By doing so, much as Conan Doyle did, she survived by providing virtually blank canvases which could be endlessly reworked. JK Rowling has done much the same thing (although with more verbosity) and has therefore ensured her place in the hall of fame.
We like comfort reading, and there’s absolutely nothing wrong with that at all. Those who wish to climb literary mountains can still do so. We’ve no time for complications, and so return if not quite to Victorian times, then to the 1920s, when only the middle classes had time to read popular fiction. But what was streamlined and modern then is tired and old-hat now.
It explains why the Agatha Christie estate is now gearing up once more to reboot Christie in multiple versions. In the coming months, according to the Times, which always likes to collect separate elements into trends, we’ll be treated to;
- ‘Murder on the Orient Express’, directed by Sir Kenneth Branagh, starring Branagh, Dame Judi Dench, Daisy Ridley, Johnny Depp
- Witness for the Prosecution, to be directed by Ben Affleck
- And Then There Were None, in development with director Morten Tyldum (director of The Imitation Game)

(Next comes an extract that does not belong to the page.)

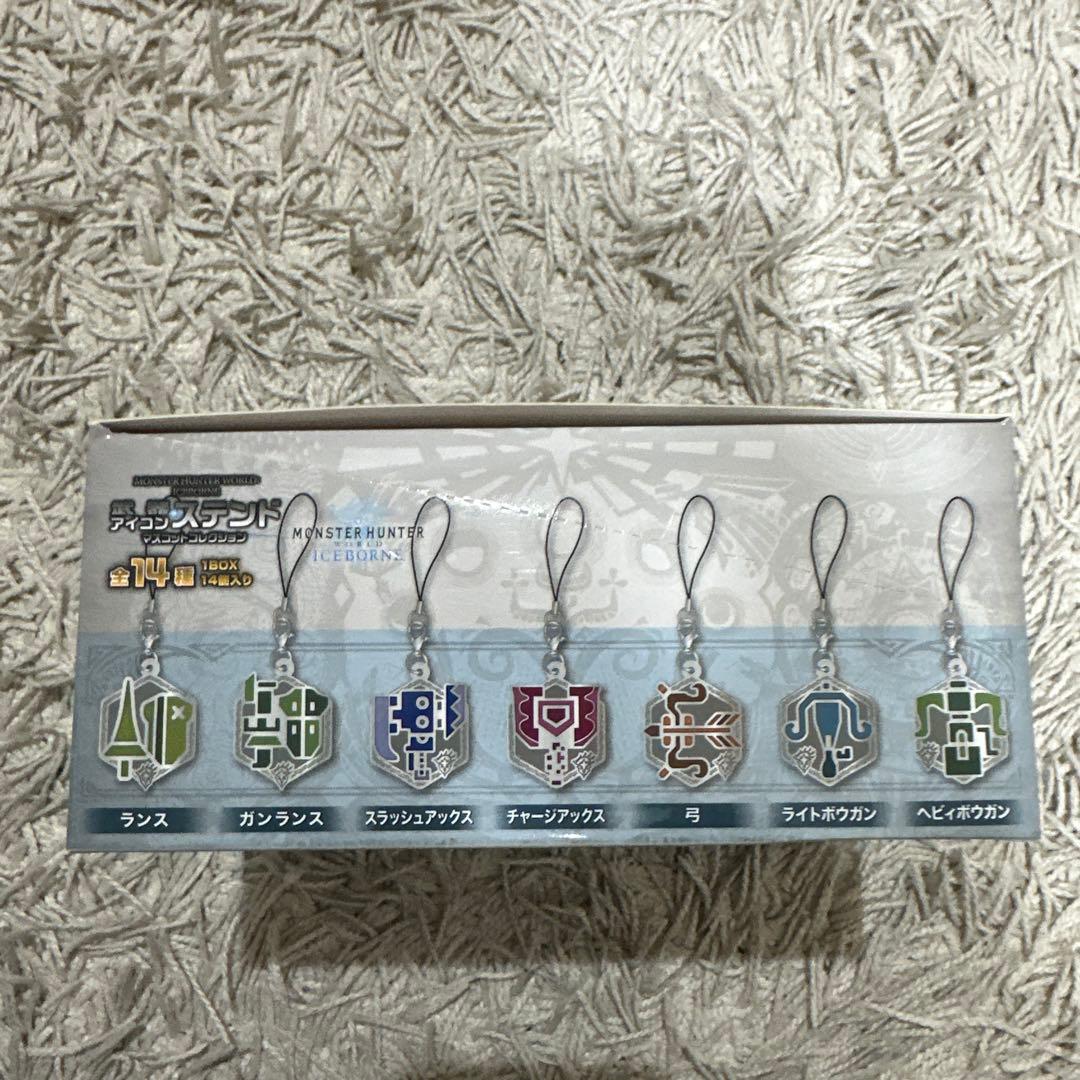 【新品未開封】　武器　アイコンステンド　マスコット　モンスターハンター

- There Was A Crooked House, adapted by Julian Fellowes, starring Glenn Close, Terence Stamp and Christina Hendricks
And there’ll be various BBC TV adaptations; Witness for the Prosecution, starring Toby Jones, Andrea Riseborough and Kim Cattrall and another seven adaptations over the next four years. It has already announced that the first of these adaptations will be Ordeal by Innocence, one of Christie’s favourite novels. It is to be adapted by Sarah Phelps. Two other adaptation of the deal have been announced: Death Comes As The End which is set in Ancient Egypt, and The ABC Murders, (now described as ‘a race against time to stop a serial killer in 1930s Britain’!)
What’s so disappointing about this is not that Christie is being so heavily remade yet again but that most of the same old stories have been picked. She wrote 82 books under her own name but the same half dozen endlessly reappear, not including the inexcusable ‘Mousetrap’. Anyone wishing to seek out Christie in other formats can find perfectly serviceable versions readily available (a few, like John Guillermin’s Death on the Nile, are terrific).
But Christie is a brand and so we perpetuate the past. Perhaps the estate has loosened up in the light of And Then There Were None’s recent success on TV, and we’ll get revisionist versions, at least.
Photo at top shows a dimply-kneed Christie going surfing in Hawaii.